(Records from a collection)
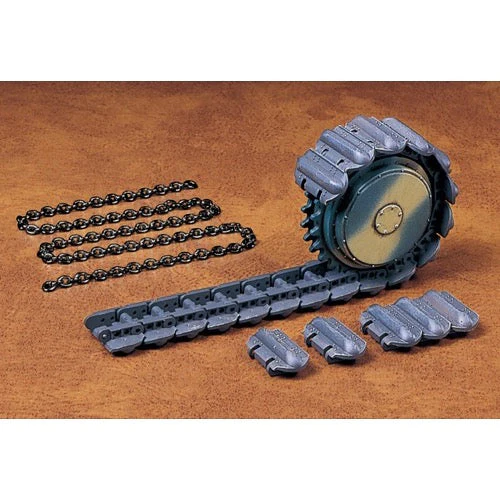 Tamiya 30058 1/35 French Battle Tank B1 Bis with Single Motor - Image 6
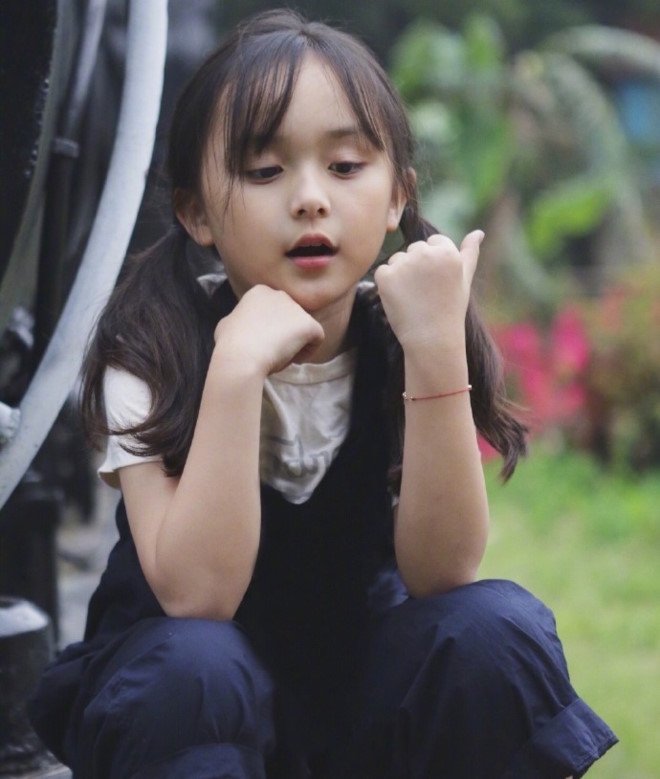 'Tieu my nhan' Trung Quoc noi tieng voi clip 15 giay qua dang yeu hinh anh 6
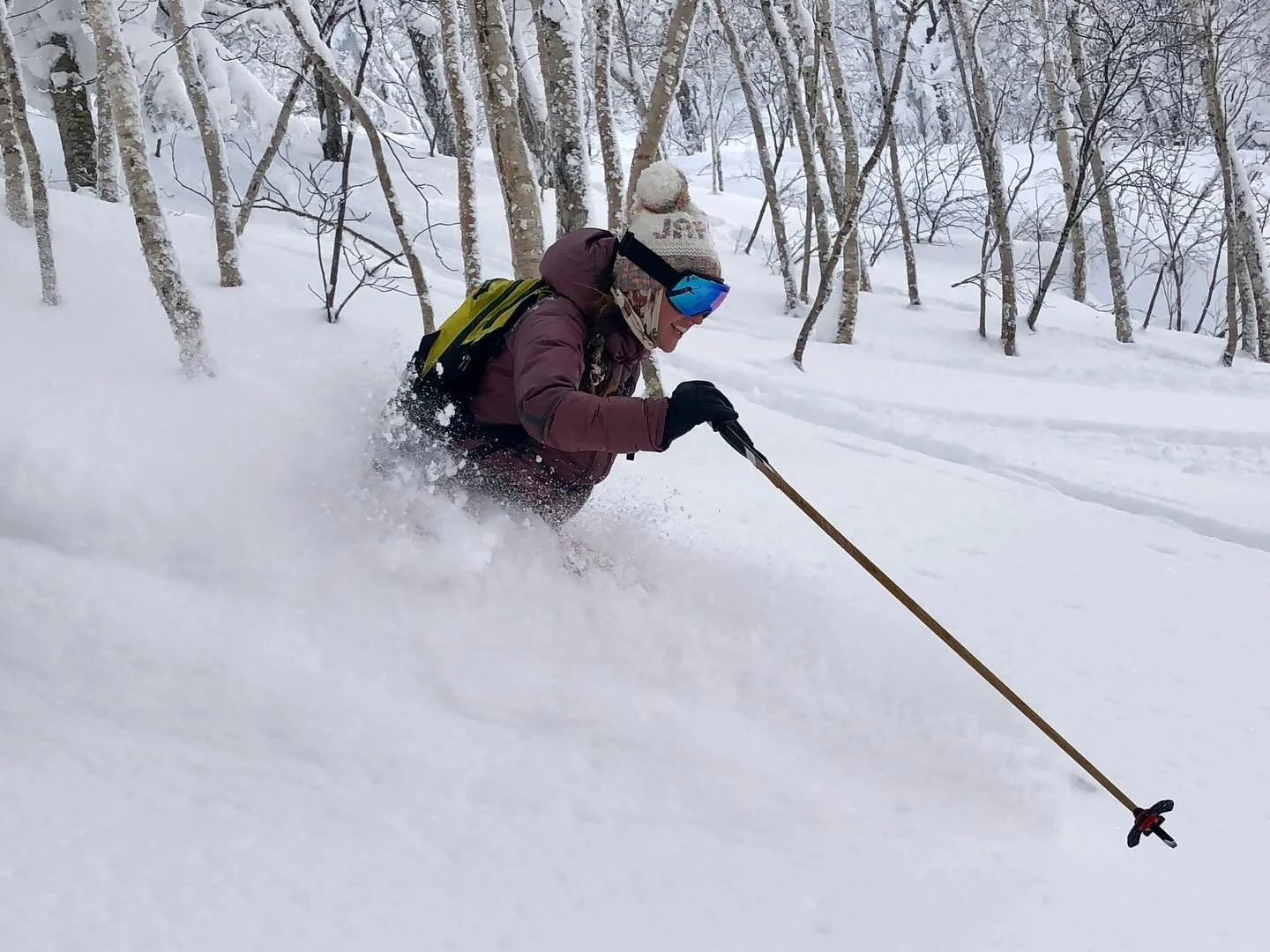 🎃 📣 No tricks &mdash; just treats! 🍭❄️ This Halloween, swap candy for the ultimate indulgence &mdash; a ski trip to Hokkaido, Japan with Extremely Canadian. 🇯🇵✨
🎒 Adventure. 🏔️ Deep snow. 😍 Memories that last a lifetime. Ready to treat yourse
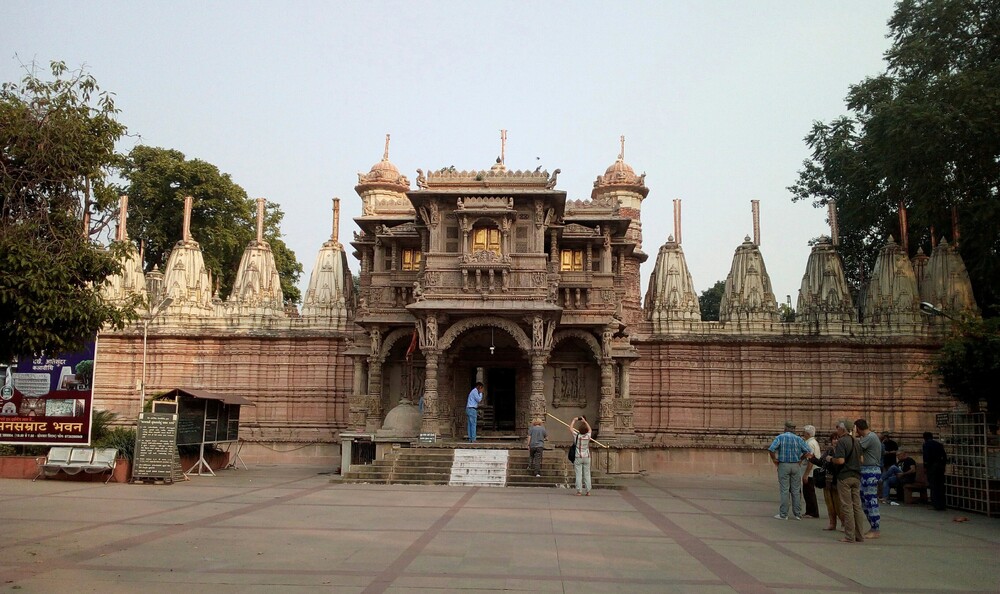 Ahmedabad - Gujarat - Inde (1)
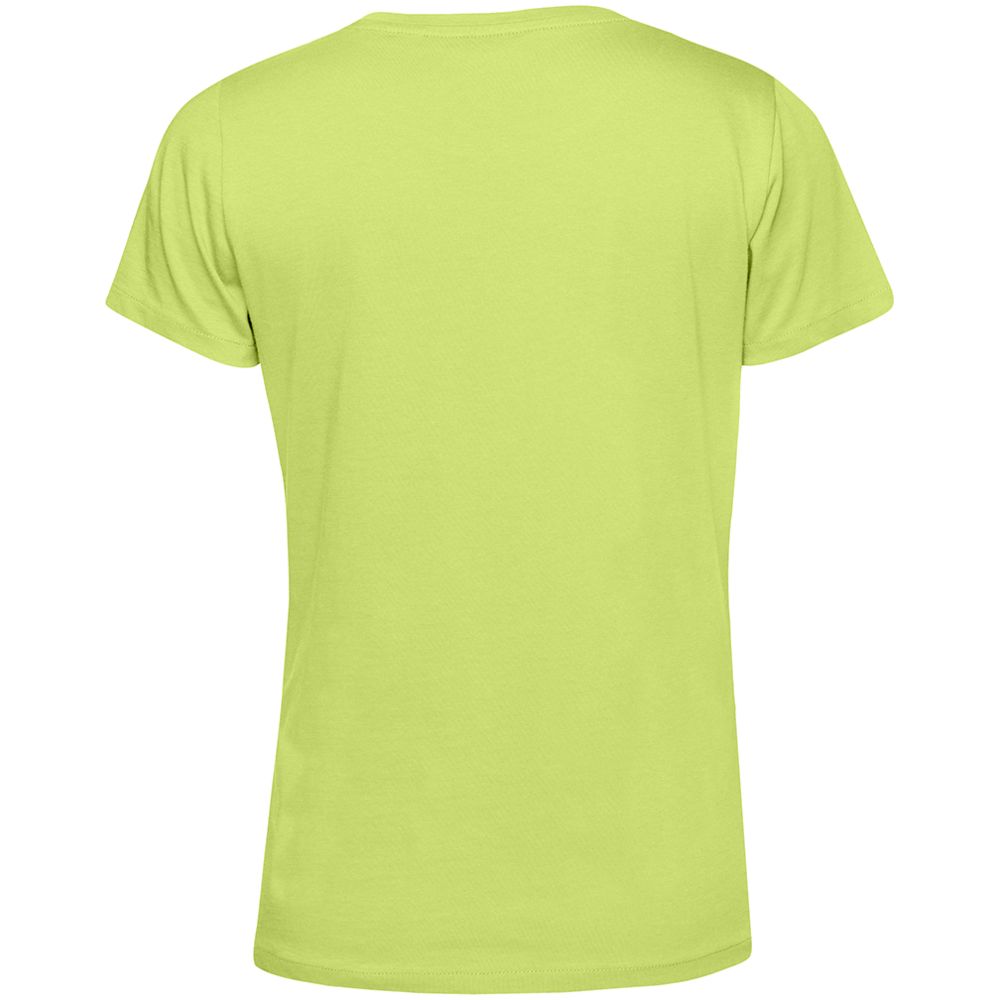 Футболка женская E150 Inspire (Organic), зеленое яблоко-1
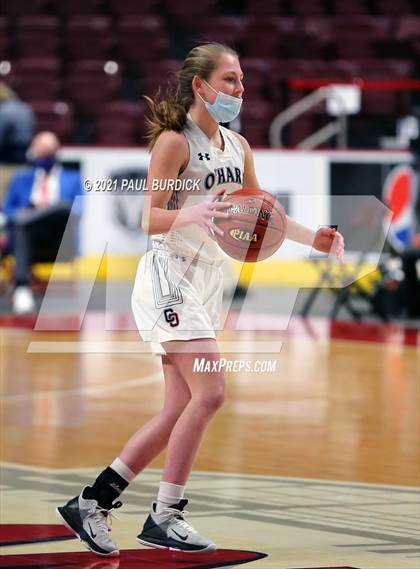 Thumbnail 2 in Chartiers Valley @ Cardinal O'Hara (PIAA 5A Championship) photogallery.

### Assignment
Leave out the pictures, and please output only the lines from the line that contains "Ahmedabad - Gujarat - Inde (1)" through the end of the data, both ends included.

### Response below
 Ahmedabad - Gujarat - Inde (1)
 Футболка женская E150 Inspire (Organic), зеленое яблоко-1
 Thumbnail 2 in Chartiers Valley @ Cardinal O'Hara (PIAA 5A Championship) photogallery.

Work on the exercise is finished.